In deze bodemzaak heeft de rechtbank Den Haag op 12 juli 2023 uitspraak gedaan in een geschil tussen de curator van een gefailleerde jeugdhulpverlener, [bedrijf] B.V., en het Samenwerkingsorgaan Holland Rijnland (HR). De curator vorderde betaling van facturen die door [bedrijf] waren ingediend voor behandelingen die in 2019 zijn uitgevoerd, maar waarvoor geen budgetruimte meer beschikbaar was. De rechtbank heeft vastgesteld dat de samenwerking tussen [bedrijf] en HR in 2018 begon, waarbij HR budgetten toekende voor de behandeling van cliënten.
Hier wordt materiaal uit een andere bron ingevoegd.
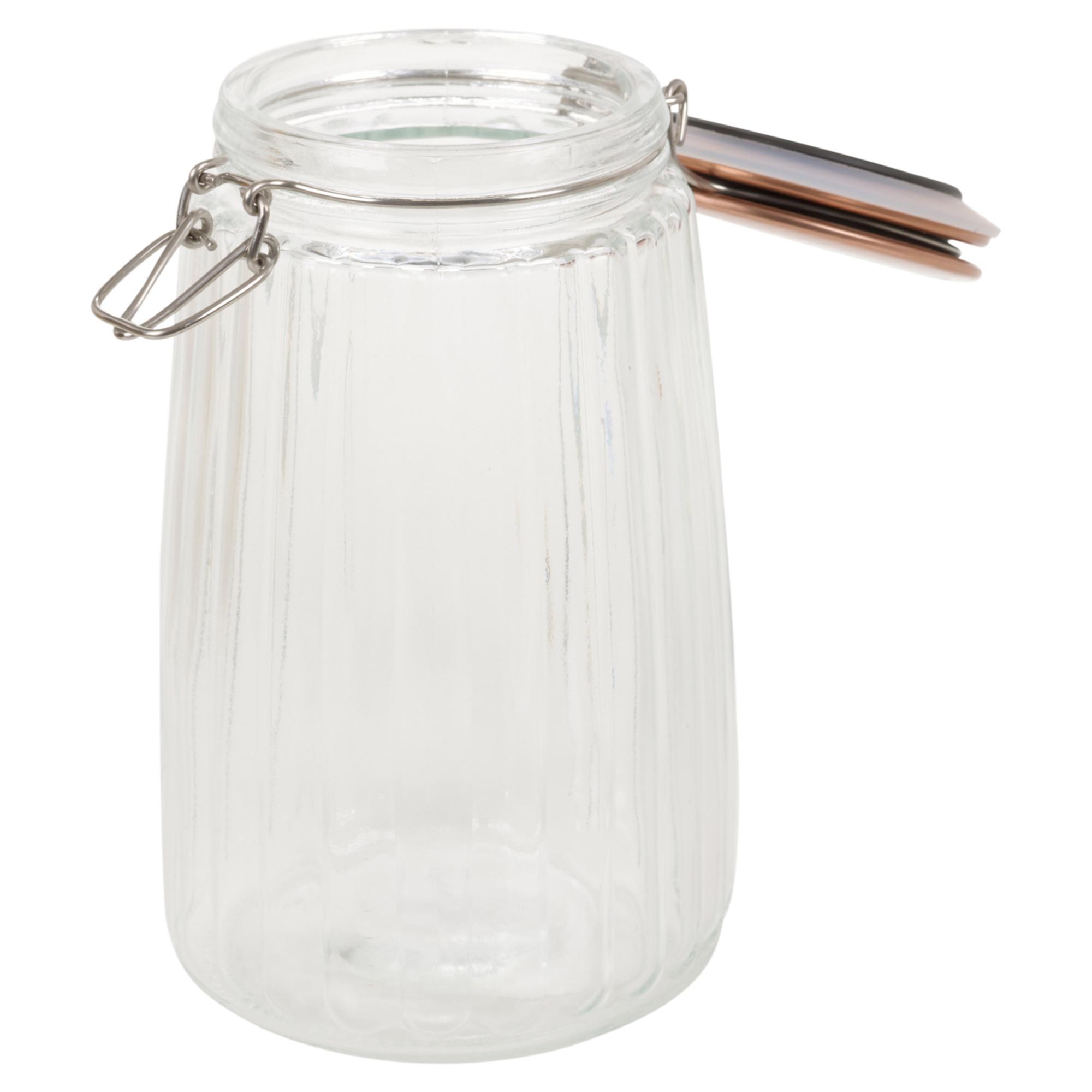 Hermetic Air Tight Preserve Jars Glass Food Kitchen Storage Containers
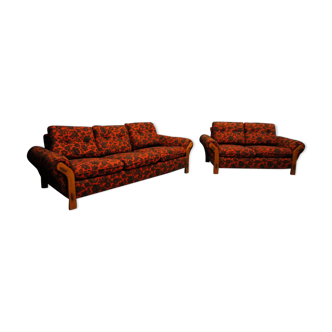 Sofa set Broderna Nilsson Ekenassjon- Sweden, set of 2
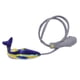 thumbnail image 1 of Juguete divertido para gato, simulación de pez vibrante, divertido palo para gato, juguete para ejercicio de gato, pez marino, 1 of 5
Voor 2019 was er een budgetplafond van € 180.000 vastgesteld, dat door HR niet overschreden kon worden. De curator stelde dat het budgetplafond te laag was en dat HR onrechtmatig handelde door de facturen niet te betalen. HR betwistte dit en stelde dat het aan de zorgaanbieders was om hun budgetten te bewaken.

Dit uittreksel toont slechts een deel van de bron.